Thursday, 5 January 2012

Sean Penn on jetski safety and the sexual appetites of George Clooney


"Lemme give you the 411 on jetskis buddy. They are not to be trifled with ... quite frankly they are the Michael Jackson of aquatic leisure equipment. Thrilling at first but then bad, dangerous and prone to fucking a kid right up.

My first and last experience on one was back in 1997 when I was filming The Thin Red Line down under. Malick gave us a few days off while he did some post pro editing, so Clooney and I took off for the Gold Coast in search of sun, sand and snatch.

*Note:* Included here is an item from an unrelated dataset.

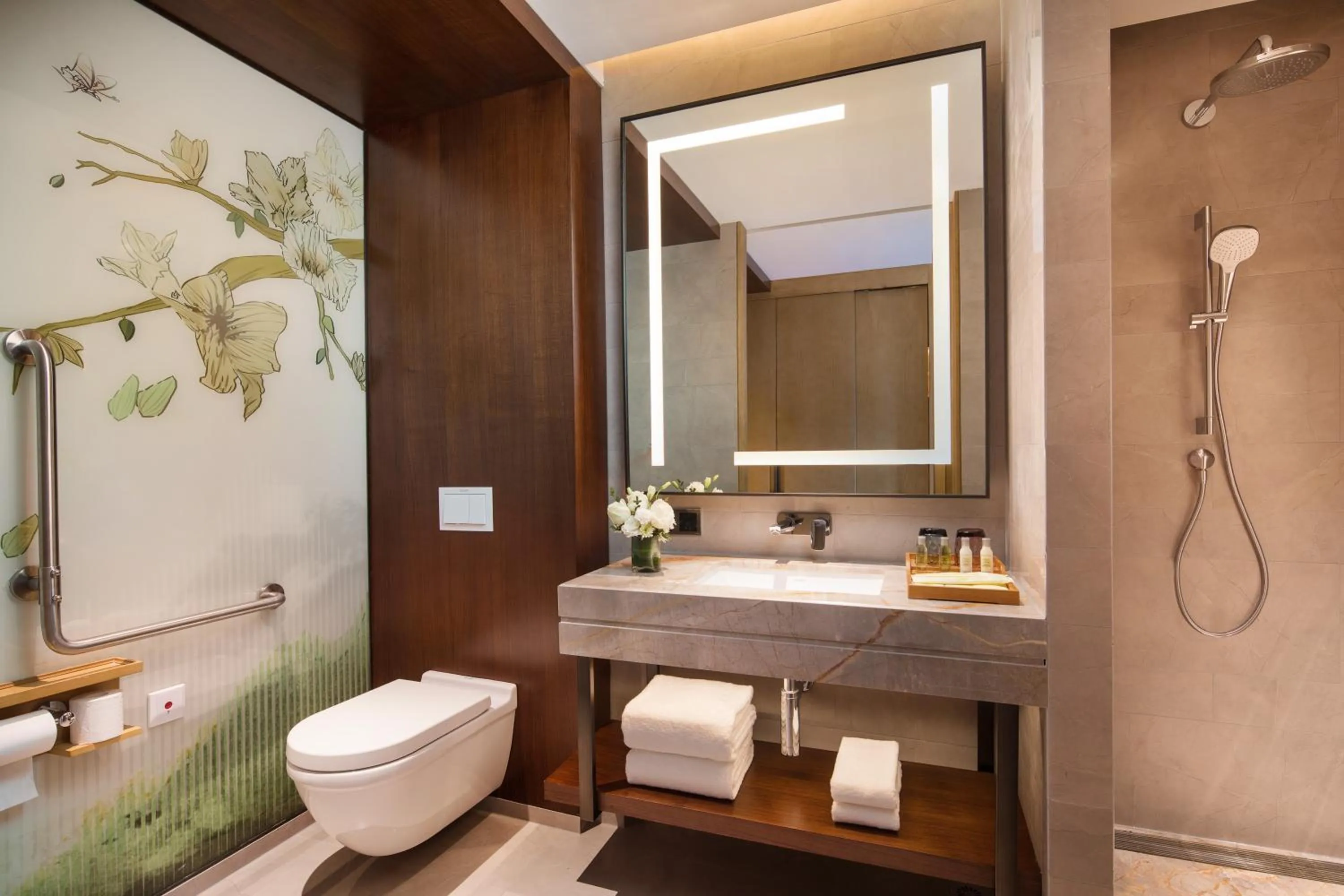 Toilet in Hilton Garden Inn Nujiang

What we got instead was blood, sweat and tears.

It started going south when we reached Surfers Paradise. Clooney was slipping it to some leathered up skank named Tracy he met at Cavill Mall who enjoyed his performance as smouldering doctor Doug Ross from TV's ER.

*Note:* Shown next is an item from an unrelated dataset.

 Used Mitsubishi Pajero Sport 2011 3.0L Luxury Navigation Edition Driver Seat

She really couldn't have been a day over 15, but Clooney's approach is that if there's grass on the wicket, he'll fuck it. 
God damn she was rough too, skin like an elephant with sunspots the size of overcoat buttons and that goosehonk Queenslander accent that could cut through Plexiglas.

Anyway, Clooney wanted to show off his moves so he rented us some jetskis. Off we set that fateful morning, out into the choppy Pacific like a trio of intrepid explorers.

Straight away Clooney was showboating, hitting the breaks with gusto, doing burnouts and spins, trying his darndest to look cool on what is essentially an overgrown scooter but with no wheels.

Unfortunately the guy has the co-ordination skills of a drunk toddler on roofies and he slipped over the handlebars, the jetski ploughing straight into Tracy and practically severing her head from her shoulders.

Neither of us could have survived the inevitable media scrutiny resulting from a 'death by misadventure' adventure with some underage Australian whoo-er, so we wrapped her body up in tarpaulin and buried her somewhere around Coolangatta."